WORK ORDER: Go to the line holding "Blachette Women Men" in the data below. Return it and each line after it through the last, exactly, and skip the pictures.

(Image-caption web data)
-- -- --
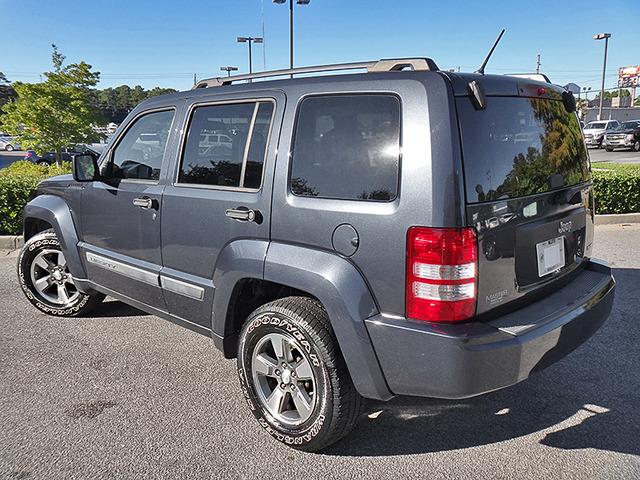 Jeep Liberty 2008 photo 2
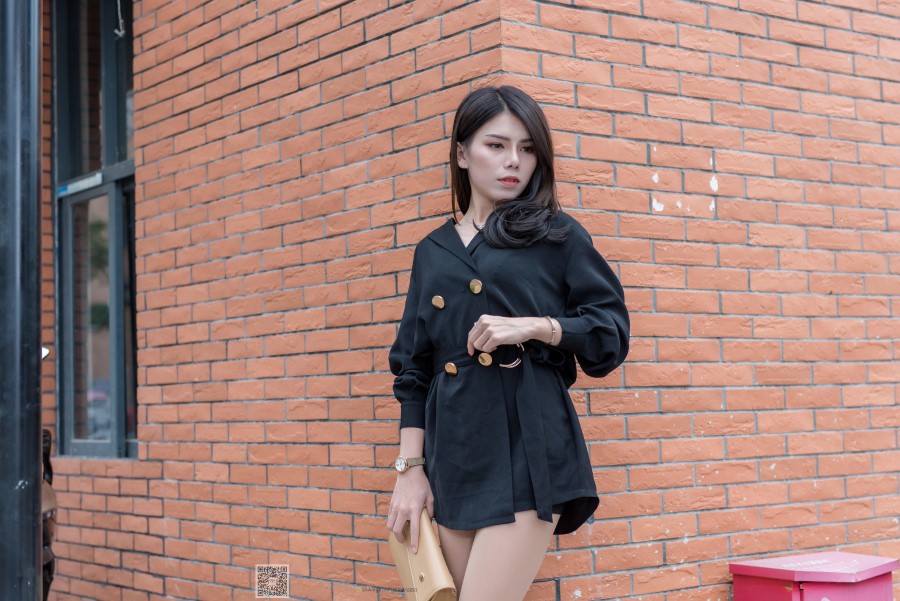 图片[62]-SSA丝社 第024期： 芷沫 高冷混血女王  肉丝街拍 – 速更版-美库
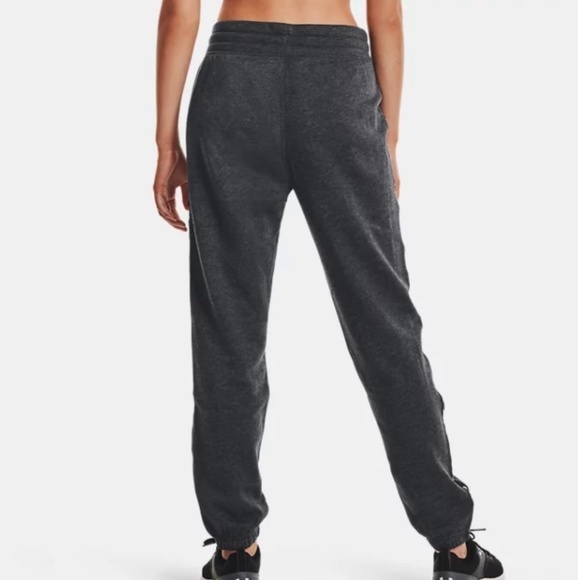 LAST ONE AVAILABLE! New Under Armour Women's Tapered Fleece Gym Pants - Picture 3 of 12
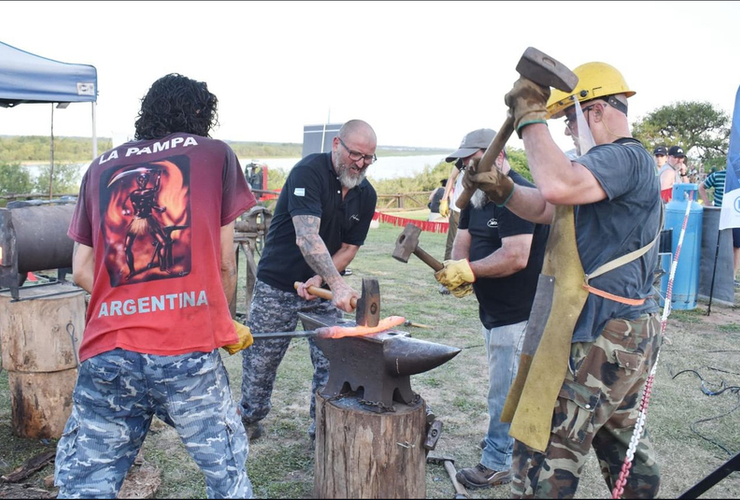 Imagen de 3er Festival 'Forjando el Paraná' en Pueblo Esther.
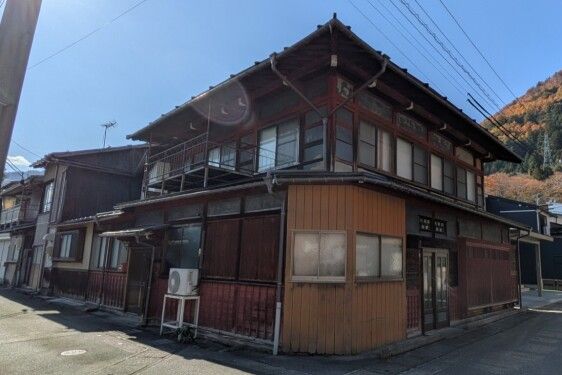 Historic 1932 Home with Meiji-era Storehouse in Hida City, Gifu - Image 1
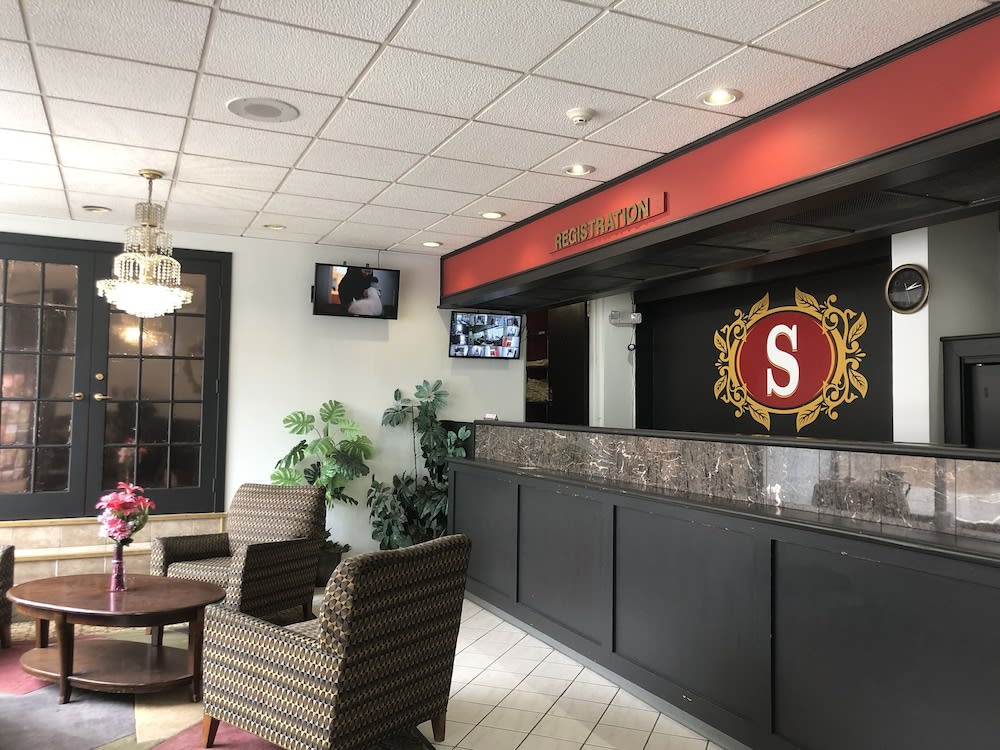 Schenectady Inn & Suites 1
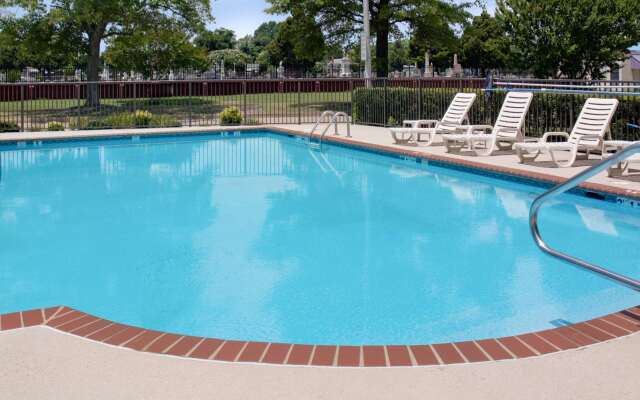 Quality Inn & Suites Olde Town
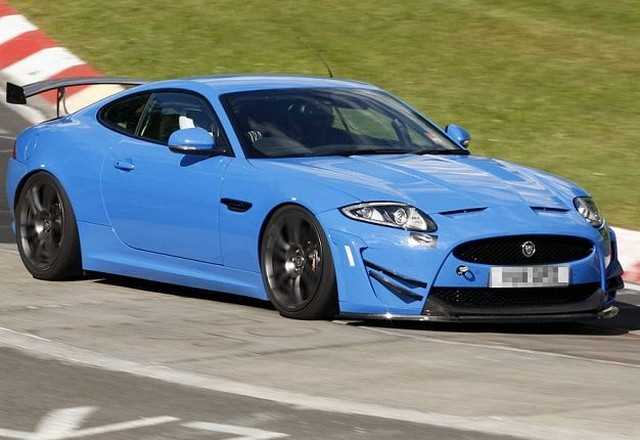 Jaguar XKR-S: foto spia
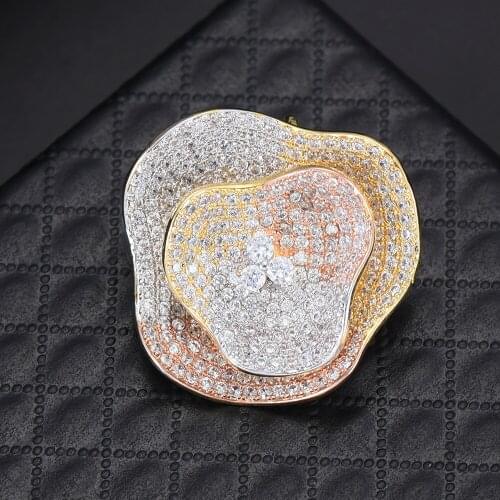 Blachette Women Men Suit Sweater Scarf Brooches Top Quality Crystal Rhinestone Insect Jewelry Badge Exquisite Winter Accessories
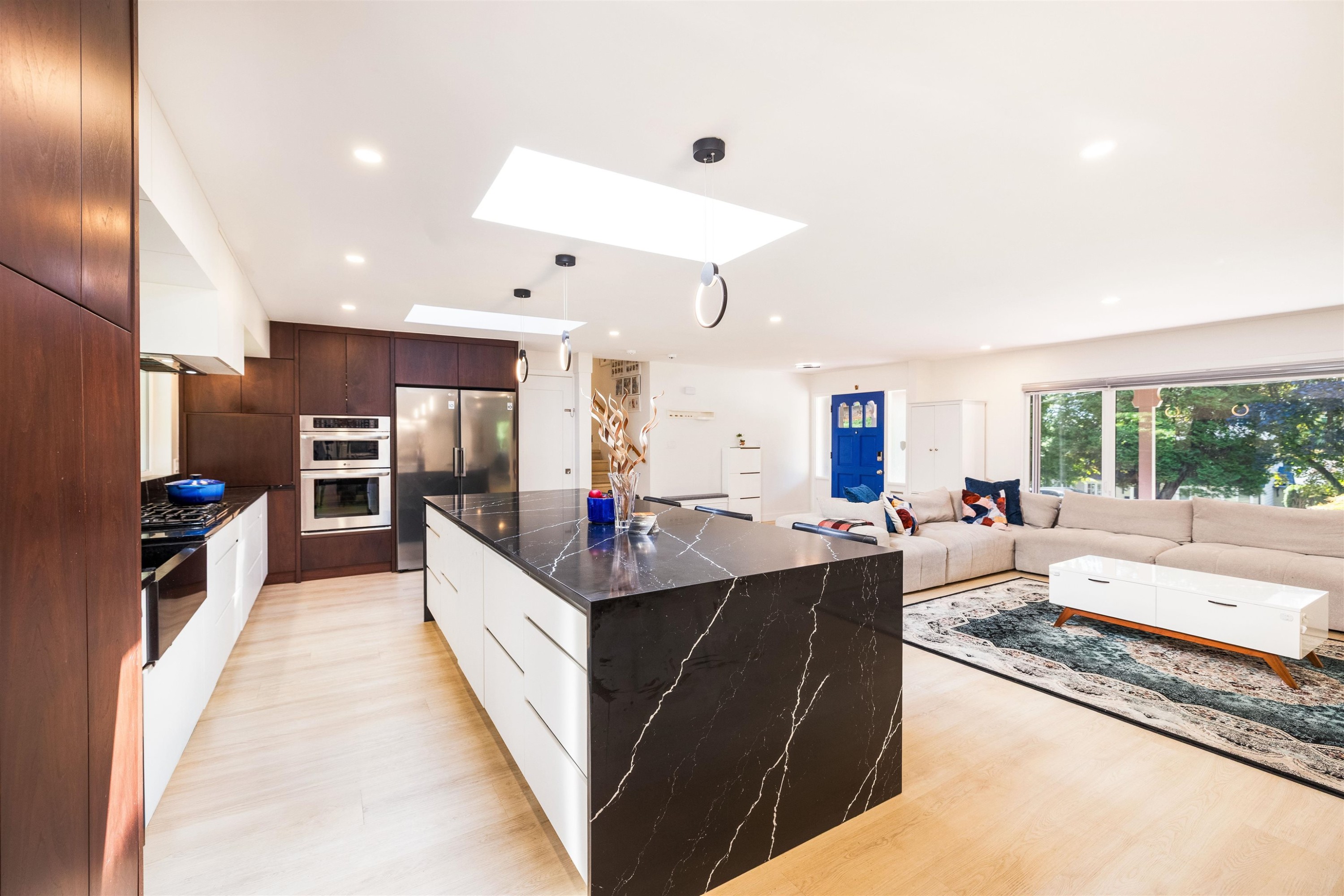 3965 Viewridge Place, West Vancouver, BC - Indoor Photo Showing Kitchen With Upgraded Kitchen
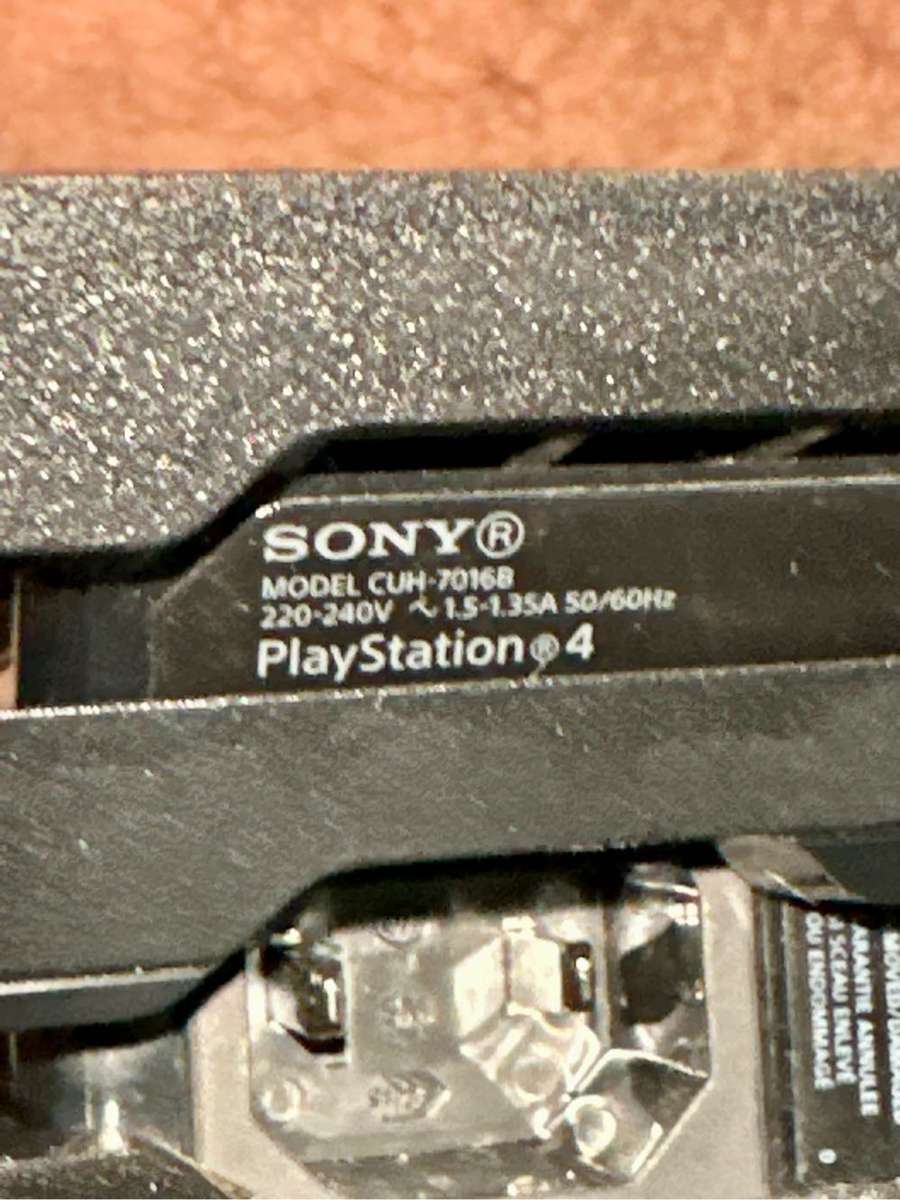 PlayStation 4 Pro 1tb ps4 with External 1TB HDD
-- -- --
TASK ANSWER:
 Blachette Women Men Suit Sweater Scarf Brooches Top Quality Crystal Rhinestone Insect Jewelry Badge Exquisite Winter Accessories
 3965 Viewridge Place, West Vancouver, BC - Indoor Photo Showing Kitchen With Upgraded Kitchen
 PlayStation 4 Pro 1tb ps4 with External 1TB HDD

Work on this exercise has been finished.